London-based painter Frank Laws felt the impact after a contracted job he’d been working on for almost 10 years came to an end as the UK’s lockdown began in early March. Finding ways to busy himself, a friend suggested he take on commissions or start selling his sketchbook work.
Instead, Laws – who was used to spending days isolated on his own in his studio even before lockdown – posted a watercolour painting of his isolation view. It appeared on his Instagram, alongside a caption asking his followers to send in pictures of their own viewpoints. In return, he’d send them a personalised A5 painting for £75.

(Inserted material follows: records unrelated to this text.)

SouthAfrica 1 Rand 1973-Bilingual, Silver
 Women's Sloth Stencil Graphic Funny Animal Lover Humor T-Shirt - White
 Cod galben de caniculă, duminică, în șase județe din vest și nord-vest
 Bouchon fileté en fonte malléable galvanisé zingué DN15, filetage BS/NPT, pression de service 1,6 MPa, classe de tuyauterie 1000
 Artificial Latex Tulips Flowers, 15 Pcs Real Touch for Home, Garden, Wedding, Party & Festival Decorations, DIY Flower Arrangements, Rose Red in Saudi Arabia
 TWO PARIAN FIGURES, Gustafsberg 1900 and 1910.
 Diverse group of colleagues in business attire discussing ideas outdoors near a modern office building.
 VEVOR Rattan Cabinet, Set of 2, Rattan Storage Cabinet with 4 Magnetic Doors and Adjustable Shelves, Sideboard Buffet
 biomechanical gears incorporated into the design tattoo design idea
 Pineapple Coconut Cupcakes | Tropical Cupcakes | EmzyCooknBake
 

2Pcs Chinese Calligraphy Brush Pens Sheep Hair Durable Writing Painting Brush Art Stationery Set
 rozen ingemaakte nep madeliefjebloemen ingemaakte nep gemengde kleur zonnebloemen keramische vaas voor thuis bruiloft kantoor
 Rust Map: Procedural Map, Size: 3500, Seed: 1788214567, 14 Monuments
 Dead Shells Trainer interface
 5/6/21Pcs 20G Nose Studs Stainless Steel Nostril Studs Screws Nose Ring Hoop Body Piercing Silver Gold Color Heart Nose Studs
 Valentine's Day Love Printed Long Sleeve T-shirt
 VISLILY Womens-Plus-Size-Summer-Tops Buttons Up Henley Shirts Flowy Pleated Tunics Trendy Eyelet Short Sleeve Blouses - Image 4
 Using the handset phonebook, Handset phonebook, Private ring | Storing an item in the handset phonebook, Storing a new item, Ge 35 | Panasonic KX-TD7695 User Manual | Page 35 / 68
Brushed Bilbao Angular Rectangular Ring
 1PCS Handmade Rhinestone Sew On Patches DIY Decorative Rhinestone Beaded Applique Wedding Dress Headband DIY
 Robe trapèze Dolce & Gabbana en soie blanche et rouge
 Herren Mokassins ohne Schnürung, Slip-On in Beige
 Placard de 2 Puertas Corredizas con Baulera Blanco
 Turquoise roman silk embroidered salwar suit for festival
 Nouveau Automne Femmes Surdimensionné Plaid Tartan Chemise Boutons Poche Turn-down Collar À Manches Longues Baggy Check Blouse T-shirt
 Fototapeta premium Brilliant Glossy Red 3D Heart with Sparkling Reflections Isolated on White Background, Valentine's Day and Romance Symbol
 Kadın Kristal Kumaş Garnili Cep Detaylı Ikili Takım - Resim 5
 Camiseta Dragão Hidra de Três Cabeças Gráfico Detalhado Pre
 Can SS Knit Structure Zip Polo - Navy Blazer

“Having previously looked at views out of windows, I thought it would be interesting to ask people to send me theirs to paint as a good documentation of this moment in time,” the 37-year-old says. The project, titled Isolation Views, quickly gained traction, with commissions coming from across the UK, and later France, Denmark, Sweden, and The Netherlands, too.
Laws’ previous work includes the watercolour paintings E NINE, Beamish House and 342 West 15th, all of which focused on buildings and viewpoints. It’s an “observation thing,” he says, “everyday things people don’t notice,” and the artist pays a particular focus to social housing – stemming from an appreciation for the work that goes into brick-built buildings.
In between paintings, Laws keeps himself busy by meditating daily, doing press-ups, cooking, and riding around London on his bike, like a zenned out Bradley Wiggins.
“I’m also doing a bit of Houseparty, but that died off pretty quick – I think the novelty wore off within a week or two!” he adds.
With the Isolation Views project having started five weeks ago, it shows no signs of slowing down just yet. The most recent, and 32nd, painting of a view in Norfolk, is the latest addition.
“Everyone seems super positive about it, and happy to have a memory of these times,” he says. “And to be part of a collective idea, too.”